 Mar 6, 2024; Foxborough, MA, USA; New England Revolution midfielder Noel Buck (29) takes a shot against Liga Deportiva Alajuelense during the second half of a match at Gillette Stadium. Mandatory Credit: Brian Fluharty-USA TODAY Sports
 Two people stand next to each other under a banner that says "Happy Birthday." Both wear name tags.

........

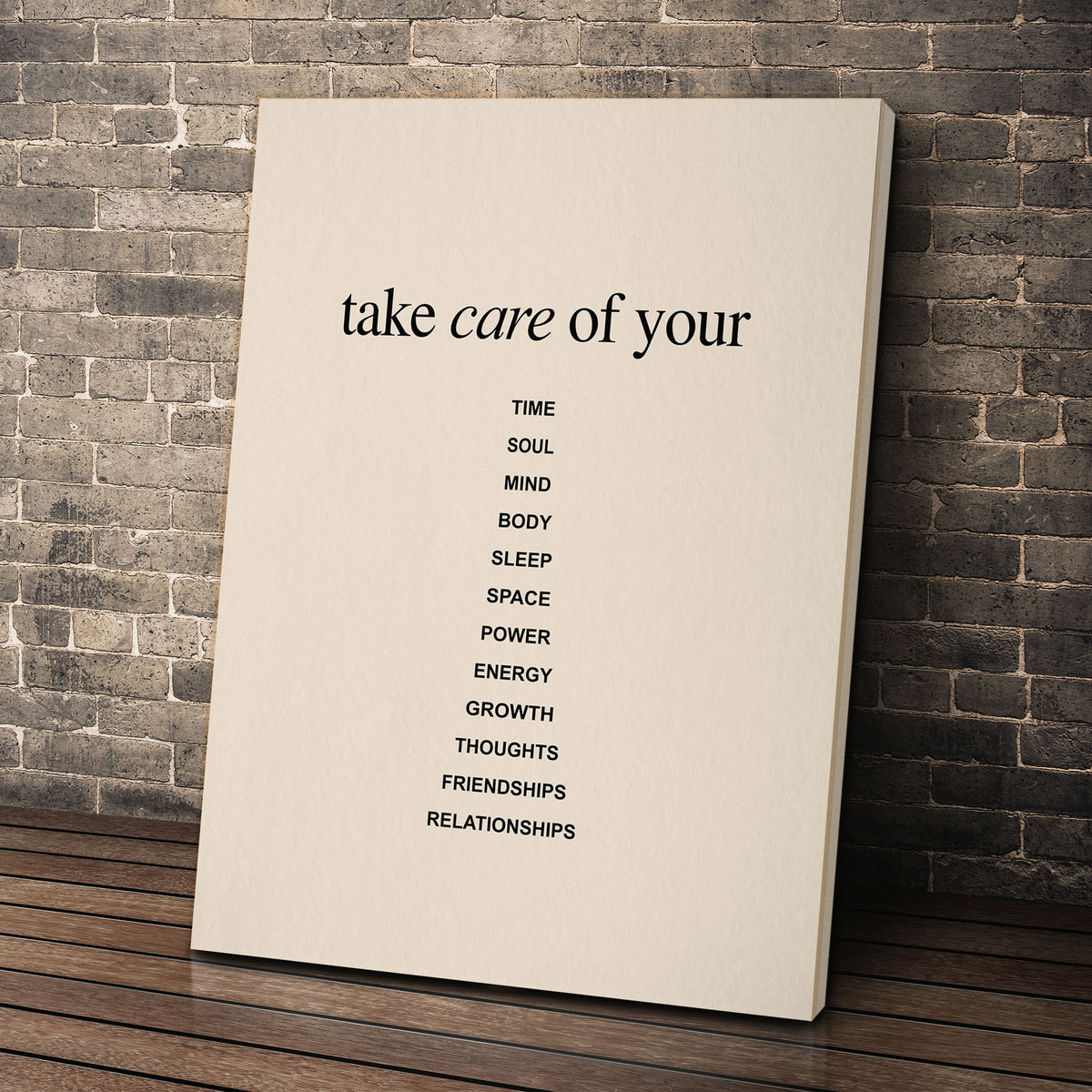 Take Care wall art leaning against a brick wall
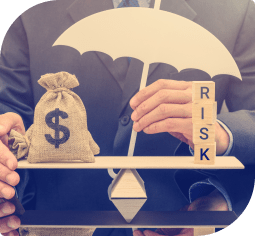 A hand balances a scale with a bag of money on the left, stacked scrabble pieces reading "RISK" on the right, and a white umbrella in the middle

........

- [What is required]: From the records above, reproduce exactly the lines from the one with "Mar 6, 2024;" to the one with "Two people stand", both included, and no others.

- [Reply]:
 Mar 6, 2024; Foxborough, MA, USA; New England Revolution midfielder Noel Buck (29) takes a shot against Liga Deportiva Alajuelense during the second half of a match at Gillette Stadium. Mandatory Credit: Brian Fluharty-USA TODAY Sports
 Two people stand next to each other under a banner that says "Happy Birthday." Both wear name tags.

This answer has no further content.